Hansen and Killian are tied up in all of this, but how, I will not say. It’s in the aftermath of this attack on Stark’s property (and, one assumes, the vault of armor he’s been working on while awake), that Iron Man 3 lets loose a little. Previous Iron Man movies have toyed with the idea that their villains could somehow gain possession of either Stark’s armor or the War Machine (rechristened Iron Patriot here, and given a Captain America paint job) rig donned by Stark’s buddy James Rhodes (Don Cheadle, as the straight-man to Downey’s buddy cop), but rarely have him out of the armor for long. With his suit dead and his AI malfunctioning, Tony Stark spends the majority of Iron Man 3 without a suit. This doesn’t exactly make the stakes any higher—Tony Stark is a man of rippling musculature and Hawking smarts, so it’s not like the suit is compensating for a lack of anything—but, in forcing him to rely on help from a kid (Ty Simpkins)—who is something of a budding, rural Iron Man himself—provides the series a much-needed breath of fresh air.
Still, it’s impossible to regard Iron Man 3 as anything more than a small cog in an impossibly large machine. Here are the further adventures of a man who has touched the fringes of the cosmos, who has built himself a mind-controlled suit that allows him to fly. While I don’t exactly enter a Marvel Studios offering expecting it to ponder the universe, it’s curious to me that, in Tony Stark, they’ve managed to so effectively lash a man and his jetpack to Earth. Iron Man 3’s pleasures are small and terrestrial. As soon as it stops making money, Tony Stark’s smirking visage will be replaced by the flowing, flaxen locks of Thor, an iron suit swapped out for an iron hammer. The machine will continue to assemble these small dramas, pushing out from the port of one Avengers movie to the next. I wonder, will they all be so modest? If so, Marvel Studios has not succeeded in creating a universe, but a facsimile of the publishing house that birthed it, at its most conservative. Theirs is not a house of ideas, but of pleasing mediocrities.
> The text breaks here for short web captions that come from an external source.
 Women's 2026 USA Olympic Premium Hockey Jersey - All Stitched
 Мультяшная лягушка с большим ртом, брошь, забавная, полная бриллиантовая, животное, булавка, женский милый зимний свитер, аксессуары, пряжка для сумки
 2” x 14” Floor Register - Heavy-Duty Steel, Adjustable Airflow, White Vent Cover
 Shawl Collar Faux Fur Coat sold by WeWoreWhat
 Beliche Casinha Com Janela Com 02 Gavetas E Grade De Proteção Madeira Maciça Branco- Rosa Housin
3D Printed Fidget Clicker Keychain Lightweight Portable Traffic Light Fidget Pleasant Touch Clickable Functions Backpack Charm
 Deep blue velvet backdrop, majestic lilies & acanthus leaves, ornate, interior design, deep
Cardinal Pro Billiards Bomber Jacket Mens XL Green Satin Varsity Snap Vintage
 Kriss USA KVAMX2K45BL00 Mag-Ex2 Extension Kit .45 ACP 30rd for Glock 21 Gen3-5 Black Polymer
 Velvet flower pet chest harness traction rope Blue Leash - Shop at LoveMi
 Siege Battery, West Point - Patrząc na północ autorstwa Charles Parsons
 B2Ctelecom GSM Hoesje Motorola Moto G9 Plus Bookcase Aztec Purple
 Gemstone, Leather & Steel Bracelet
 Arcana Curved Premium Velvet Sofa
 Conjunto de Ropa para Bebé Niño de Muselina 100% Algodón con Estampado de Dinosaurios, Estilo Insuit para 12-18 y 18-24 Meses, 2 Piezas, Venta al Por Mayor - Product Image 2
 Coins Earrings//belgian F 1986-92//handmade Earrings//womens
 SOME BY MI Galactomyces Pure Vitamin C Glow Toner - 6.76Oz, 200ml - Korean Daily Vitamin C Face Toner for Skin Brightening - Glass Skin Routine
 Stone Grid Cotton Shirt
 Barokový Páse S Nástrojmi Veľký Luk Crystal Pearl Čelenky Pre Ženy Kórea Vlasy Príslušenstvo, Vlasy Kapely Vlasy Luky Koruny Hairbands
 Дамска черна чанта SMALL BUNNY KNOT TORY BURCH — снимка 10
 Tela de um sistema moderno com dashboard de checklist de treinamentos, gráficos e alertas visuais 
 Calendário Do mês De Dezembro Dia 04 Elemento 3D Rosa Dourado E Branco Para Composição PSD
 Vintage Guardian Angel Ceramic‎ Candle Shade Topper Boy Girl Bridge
Iron Man 3. With Robert Downey, Jr. (Tony Stark/Iron Man), Gwyneth Paltrow (Pepper Potts), Don Cheadle (Col. James Rhodes/Iron Patriot), Guy Pearce (Aldrich Killian), Rebecca Hall (Dr. Maya Hansen), Jon Favreau (Happy Hogan), Ty Simpkins (Harley), and Ben Kingsley (The Mandarin). Directed by Shane Black and produced by Kevin Feige. Screenplay by Drew Pearce and Black, based on “Iron Man” by Stan Lee, Larry Leiber, Don Heck, and Jack Kirby, and “Extremis,” by Warren Ellis and Adi Granov.